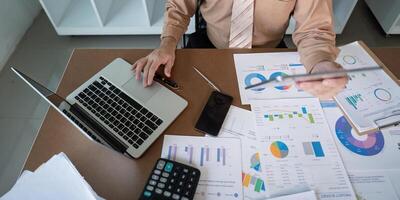 Analyzing financial data office setting business report contemporary workspace overhead view strategic insights for growth photo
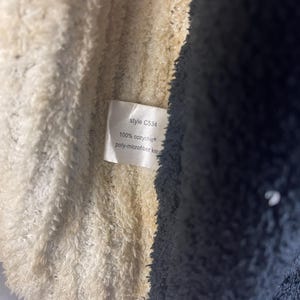 May include: Close-up of a soft, textured fabric in cream and navy blue. A small tag displays the text "style C534", "100% cozychic", and "poly-microfiber knit". The fabric appears to be part of a blanket or garment.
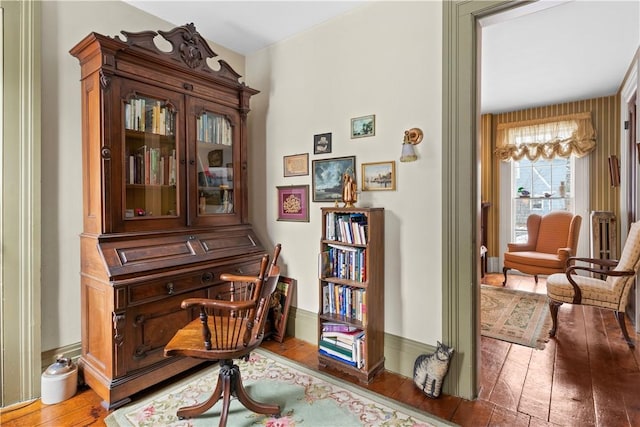 living area with baseboards and hardwood / wood-style floors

Action item:
Please output all of the data exactly as given, omitting any images it holds.

Output for this task:
 Analyzing financial data office setting business report contemporary workspace overhead view strategic insights for growth photo
 May include: Close-up of a soft, textured fabric in cream and navy blue. A small tag displays the text "style C534", "100% cozychic", and "poly-microfiber knit". The fabric appears to be part of a blanket or garment.
 living area with baseboards and hardwood / wood-style floors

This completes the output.